The OTel Collector processes telemetry through a three-stage pipeline: Receivers → Processors → Exporters. Each signal type (logs, metrics, traces) has its own named pipeline.

# otel-collector-config.yaml — BizFirstGO reference configuration

receivers:
  otlp:
    protocols:
      grpc:
        endpoint: 0.0.0.0:4317      # Receives from all BizFirstGO services
      http:
        endpoint: 0.0.0.0:4318      # HTTP fallback (used by browser telemetry)

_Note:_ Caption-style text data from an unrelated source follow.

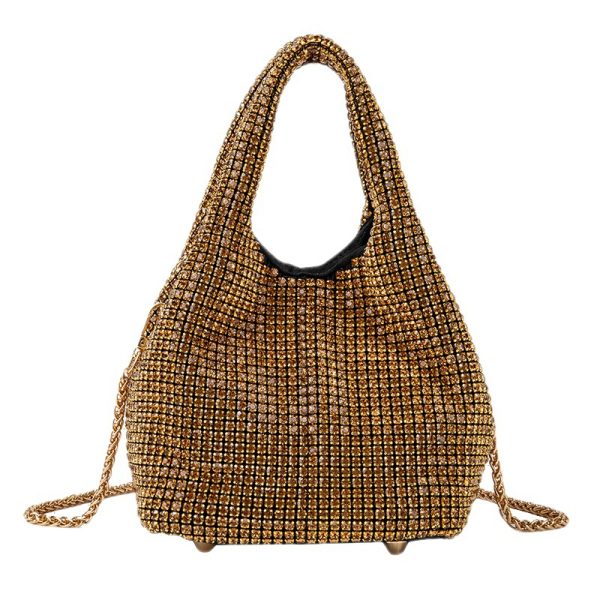 Full Diamond Rhinestone Bucket Bag - Women’s Portable Messenger Bag - Image 2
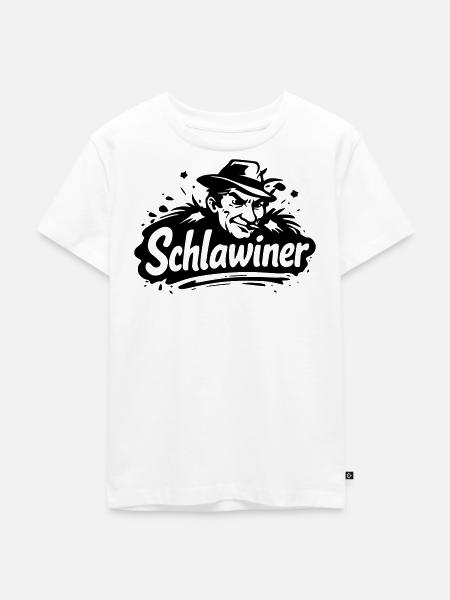 Schlawiner - Kinder Premium Bio T-Shirt - Weiß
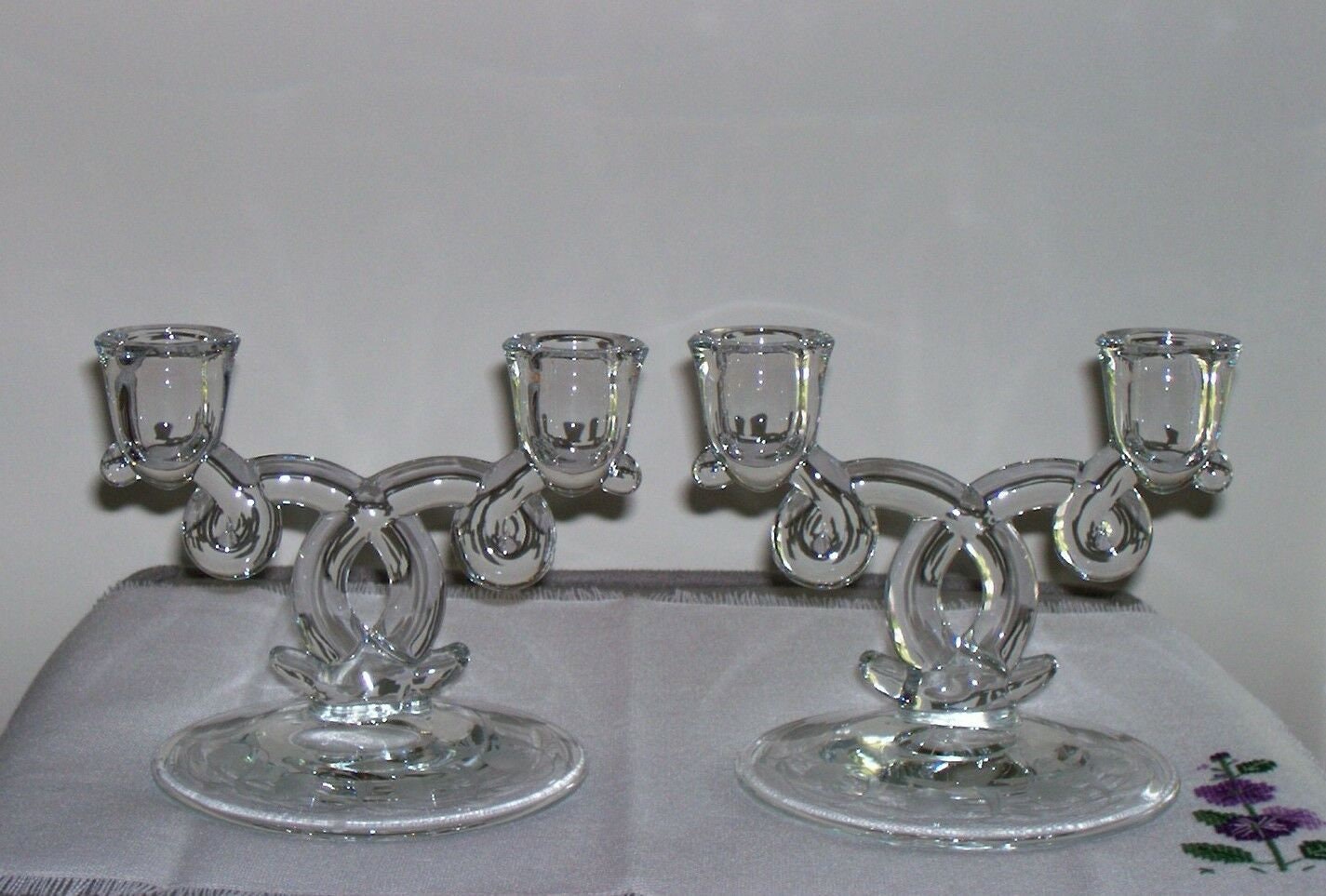 Vintage Heisey Glass lariat or Moonglo Pattern 8 Etsy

  # Host metrics from Node Exporter (scrape-based)
  prometheus:
    config:
      scrape_configs:
        - job_name: 'node-exporter'
          static_configs:
            - targets: ['node-exporter:9100']
        - job_name: 'cadvisor'
          static_configs:
            - targets: ['cadvisor:8080']

processors:
  # Batch telemetry for efficient export
  batch:
    timeout: 5s
    send_batch_size: 1024

  # Add deployment metadata to all telemetry
  resource:
    attributes:
      - key: deployment.environment
        value: "${DEPLOYMENT_ENV}"
        action: upsert
      - key: cluster.name
        value: "${CLUSTER_NAME}"
        action: upsert

  # Memory limiter — prevent OOM under high load
  memory_limiter:
    check_interval: 1s
    limit_mib: 512
    spike_limit_mib: 128

  # PII redaction (see Guide9 for full config)
  transform/redact:
    log_statements:
      - context: log
        statements:
          - replace_pattern(attributes["http.request.body"], "password=[^&]+", "password=[REDACTED]")
          - replace_pattern(attributes["http.request.body"], "token=[^&]+", "token=[REDACTED]")

exporters:
  # Logs → Loki
  loki:
    endpoint: http://loki:3100/loki/api/v1/push
    default_labels_enabled:
      exporter: false
      job: true
      instance: true
      level: true

  # Metrics → Prometheus (remote write)
  prometheusremotewrite:
    endpoint: http://prometheus:9090/api/v1/write

  # Traces → Tempo
  otlp/tempo:
    endpoint: tempo:4317
    tls:
      insecure: true

service:
  pipelines:
    logs:
      receivers: [otlp]
      processors: [memory_limiter, resource, transform/redact, batch]
      exporters: [loki]

    metrics:
      receivers: [otlp, prometheus]
      processors: [memory_limiter, resource, batch]
      exporters: [prometheusremotewrite]

    traces:
      receivers: [otlp]
      processors: [memory_limiter, resource, batch]
      exporters: [otlp/tempo]

Processor Reference

ProcessorPurposeApplied To
memory_limiterDrops telemetry if memory exceeds limit — prevents OOM crashesAll pipelines
batchGroups telemetry into batches for efficient exportAll pipelines
resourceAdds/modifies resource attributes (environment, cluster name)All pipelines
transform/redactApplies regex-based PII masking to log and span attributesLogs + Traces
probabilistic_samplerDrops a configurable percentage of traces (production cost control)Traces
tail_samplingSample 100% of error traces, N% of success tracesTraces
filterDrops telemetry matching specific conditions (e.g., health check noise)All pipelines

Health Check Noise Filtering

Health check endpoints (/health, /ready, /live) are called every few seconds by load balancers and Kubernetes probes. Without filtering, they generate thousands of low-value trace spans per hour. Filter them out in the Collector:

processors:
  filter/drop_health:
    error_mode: ignore
    traces:
      span:
        - 'attributes["http.route"] == "/health"'
        - 'attributes["http.route"] == "/ready"'
        - 'attributes["http.route"] == "/live"'

Collector Sizing

Deployment ScaleServicesCollector CPUCollector RAMReplicas
Development1–50.5 vCPU256 MB1
Small production5–201 vCPU512 MB1–2
Medium production20–1002–4 vCPU1–2 GB2–4
Large production100+4–8 vCPU2–4 GB4–8 (with load balancer)
Always Configure memory_limiter First

Place memory_limiter as the first processor in every pipeline. If the Collector runs out of memory and crashes, all telemetry from all services is lost until it restarts. The memory limiter gracefully drops telemetry when under pressure rather than crashing — a much better outcome.